La Corte di Appello, considerando, evidentemente, l’argomento banale e scontato, ha scritto due o tre cose semplici semplici.

Massima concentrazione perché ciò che ha scritto il presidente del Tribunale di secondo grado ci ha fatto capire che tutti i protagonisti di questa storia, purtroppo anche Casertace, hanno male interpretato la vicenda.

L’abbiamo male interpretata perché siamo andati dritti dritti verso l’articolo 624 del Codice di Procedura Penale, ritenendo di trovarci di fronte ad un caso tipico di “giudicato parziale”.

Cos’è un giudicato parziale? Facciamo un esempio semplice: mettiamo che la Procura Generale presso la Corte di Appello di Napoli avesse presentato un ricorso più ampio, che investisse sia l’assoluzione per il reato di devastazione e saccheggio, ma che reputasse insufficienti anche i due anni di carcere con pena sospesa irrogati per i reati di danneggiamenti e resistenza a pubblico ufficiale. Di fronte a questo ricorso, mettiamo che la Corte di Cassazione avesse annullato con rinvio alla Corte di Appello la sentenza di assoluzione per i reati distinti di devastazione e saccheggio, respingendo al contrario il ricorso della Procura Generale per i due anni relativi ai reati distinti dai primi di danneggiamento e resistenza a pubblico ufficiale.

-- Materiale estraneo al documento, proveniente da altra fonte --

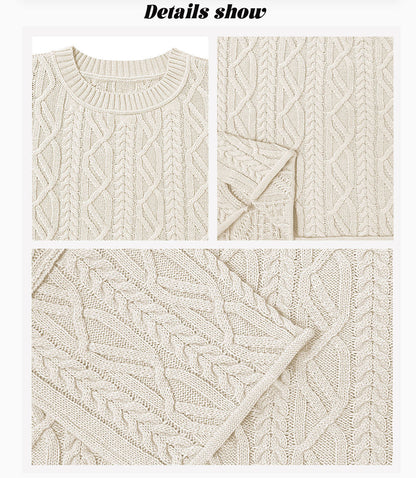 2025 Women’s Autumn Winter Knit Sweater – Round Neck Short Loose Cable Knit Pullover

Apritevi un attimo l’articolo e ragioniamoci un attimo. Questo articolo si intitola “Annullamento parziale”. Cari lettori, concentrati: “Se l’annullamento non è pronunciato per tutte le disposizioni della sentenza, questa ha autorità di cosa giudicata nelle parti che non hanno connessione essenziale con la parte annullata”.

L’equivoco in cui siamo incorsi anche noi riguarda la prima parte: “Se l’annullamento non è pronunciato per tutte le disposizioni della sentenza”. Quando il codice parla di “tutte le disposizioni” si riferisce ovviamente alla parte della sentenza oggetto di analisi e di sindacato giudiziari della Corte di Cassazione.

Perché alla Corte di Cassazione arriva quello che arriva ed è su quello che arriva che i giudici supremi si pronunciano.

Nel caso di Nonno, cos’è arrivato? Un ricorso della Procura Generale contro l’assoluzione per il reato di devastazione e un secondo ricorso, del tutto distinto, distante e disancorato dal primo, presentato dagli avvocati difensori di Marco Nonno che hanno richiesto la revisione della sentenza di condanna a due anni pronunciata dalla Corte di Appello, avendo come riscontro l’impossibilità finanche di discuterne, dato che la Cassazione – di quest’ultimo ricorso – ha sancito l’inammissibilità.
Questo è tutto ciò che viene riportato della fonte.